Skip to main content
Version: 1.3.1.0

ODP as the Foundation for AI Workloads

What ODP Is and Is Not

Let's be direct: ODP does not include AI models, large language models, or machine learning frameworks beyond Spark MLlib (covered in the next section). ODP is a data platform, not an AI engine.

What ODP provides is the governed data foundation that AI workloads require to be trustworthy, reproducible, and compliant. The quality, governance, and accessibility of training data matters as much as model architecture. ODP is where that data layer is built.

You bring your ML framework — PyTorch, TensorFlow, scikit-learn, Hugging Face, or any other tool.
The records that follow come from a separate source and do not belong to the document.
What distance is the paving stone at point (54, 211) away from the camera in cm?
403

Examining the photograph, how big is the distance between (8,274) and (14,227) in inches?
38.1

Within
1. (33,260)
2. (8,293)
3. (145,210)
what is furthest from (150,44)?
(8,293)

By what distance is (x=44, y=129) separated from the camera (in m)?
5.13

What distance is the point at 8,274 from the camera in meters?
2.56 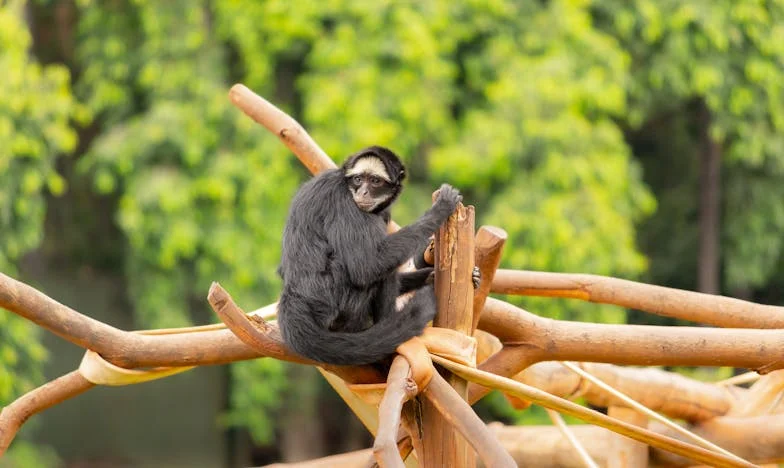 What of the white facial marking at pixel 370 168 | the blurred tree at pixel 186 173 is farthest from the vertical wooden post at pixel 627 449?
the blurred tree at pixel 186 173

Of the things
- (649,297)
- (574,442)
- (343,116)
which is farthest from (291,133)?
(343,116)

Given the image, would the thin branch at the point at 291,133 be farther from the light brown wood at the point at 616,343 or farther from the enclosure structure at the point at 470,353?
the light brown wood at the point at 616,343

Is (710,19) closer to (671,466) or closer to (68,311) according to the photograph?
(671,466)

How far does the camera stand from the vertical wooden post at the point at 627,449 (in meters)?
4.35

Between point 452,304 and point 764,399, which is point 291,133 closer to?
point 452,304

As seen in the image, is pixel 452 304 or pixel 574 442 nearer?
pixel 452 304

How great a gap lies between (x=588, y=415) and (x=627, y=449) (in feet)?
5.31

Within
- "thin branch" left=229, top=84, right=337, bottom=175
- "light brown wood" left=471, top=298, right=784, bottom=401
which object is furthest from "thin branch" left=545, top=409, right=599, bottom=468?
"thin branch" left=229, top=84, right=337, bottom=175

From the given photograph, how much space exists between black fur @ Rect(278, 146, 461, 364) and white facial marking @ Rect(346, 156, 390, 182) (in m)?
0.07

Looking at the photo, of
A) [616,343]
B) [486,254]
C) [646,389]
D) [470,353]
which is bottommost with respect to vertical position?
[470,353]

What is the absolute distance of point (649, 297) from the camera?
161 inches

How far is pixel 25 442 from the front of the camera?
10281mm

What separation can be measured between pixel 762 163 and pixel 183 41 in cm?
648

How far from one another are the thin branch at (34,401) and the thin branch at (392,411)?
3.92 ft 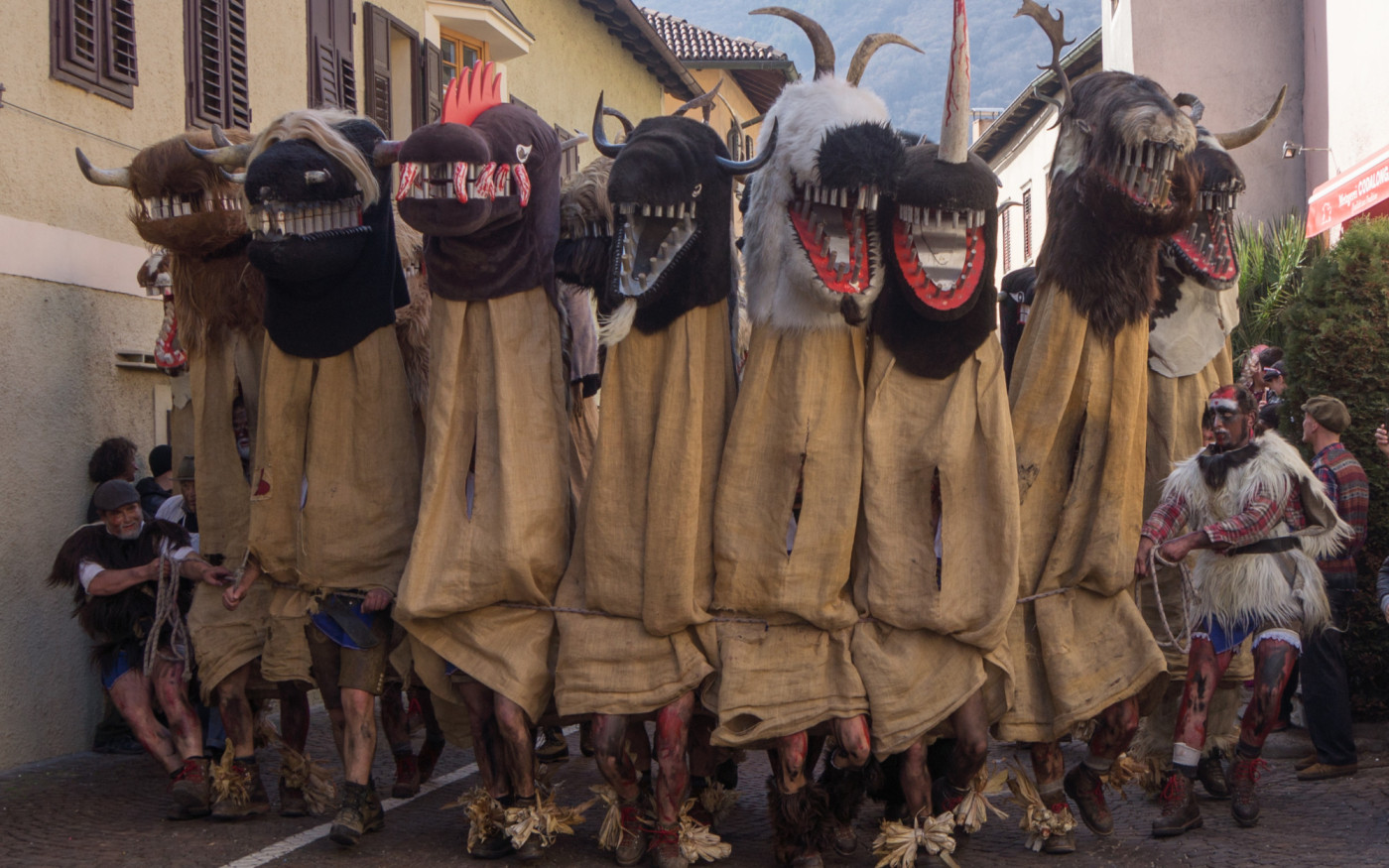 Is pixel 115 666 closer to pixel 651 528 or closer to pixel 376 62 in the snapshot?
pixel 651 528

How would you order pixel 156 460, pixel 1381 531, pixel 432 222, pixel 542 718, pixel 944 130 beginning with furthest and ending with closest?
pixel 156 460, pixel 1381 531, pixel 542 718, pixel 432 222, pixel 944 130

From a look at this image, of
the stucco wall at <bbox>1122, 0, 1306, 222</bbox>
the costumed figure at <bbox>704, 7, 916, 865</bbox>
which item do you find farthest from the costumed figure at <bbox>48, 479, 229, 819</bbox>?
the stucco wall at <bbox>1122, 0, 1306, 222</bbox>

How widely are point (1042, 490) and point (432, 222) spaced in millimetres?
2604

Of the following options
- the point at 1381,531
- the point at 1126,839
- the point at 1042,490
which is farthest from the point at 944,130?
the point at 1381,531

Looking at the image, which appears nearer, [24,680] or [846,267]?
[846,267]

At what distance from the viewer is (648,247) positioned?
19.0 feet

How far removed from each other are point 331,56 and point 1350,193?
8629 millimetres

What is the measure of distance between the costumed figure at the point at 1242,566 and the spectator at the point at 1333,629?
35.4 inches

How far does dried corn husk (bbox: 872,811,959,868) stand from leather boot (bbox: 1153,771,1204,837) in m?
1.10

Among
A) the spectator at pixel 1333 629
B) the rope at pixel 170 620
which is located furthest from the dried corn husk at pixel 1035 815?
the rope at pixel 170 620

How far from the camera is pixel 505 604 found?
19.8 ft

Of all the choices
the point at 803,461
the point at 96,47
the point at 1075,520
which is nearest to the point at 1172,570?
the point at 1075,520

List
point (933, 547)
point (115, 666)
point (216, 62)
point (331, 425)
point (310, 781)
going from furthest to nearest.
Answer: point (216, 62) < point (115, 666) < point (310, 781) < point (331, 425) < point (933, 547)

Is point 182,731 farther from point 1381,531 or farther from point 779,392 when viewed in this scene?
point 1381,531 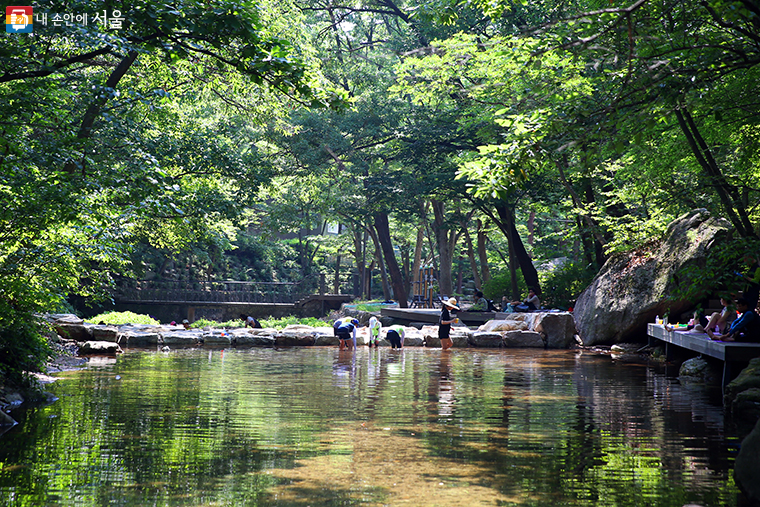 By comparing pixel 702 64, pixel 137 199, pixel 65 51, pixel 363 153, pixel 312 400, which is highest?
pixel 363 153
ODP ensures the data those frameworks consume is governed, audited, versioned, and sovereign.

What "AI-Ready" Means for ODP

An AI-ready data platform must answer the following questions reliably:

  • Where does this training data come from? (lineage)
  • Who can access it? (access control)
  • What did it look like at the time a model was trained? (versioning / time travel)
  • Has any sensitive data leaked into training sets? (governance)
  • Where is the data physically stored? (sovereignty)

ODP addresses all five through its integrated components:

ODP CapabilityAI Relevance
Apache IcebergVersioned, open table format for training datasets; time travel for ML reproducibility
Apache AtlasData lineage for model traceability; know exactly what data trained your model
Apache RangerFine-grained access control for training data; tag-based policies on sensitive columns
Spark MLlibClassical ML algorithms running natively on YARN, reading Iceberg data
Polaris MCP ServerLLM access to catalog metadata without exposing raw data
On-premise deploymentSovereign infrastructure; training data never leaves your datacenter

The Governed Lakehouse Architecture for AI

ODP implements what is often called a governed lakehouse: the combination of open, scalable data lake storage (HDFS/Ozone + Iceberg) with enterprise governance (Ranger, Atlas, Kerberos). This architecture is well suited as the data layer for AI workloads.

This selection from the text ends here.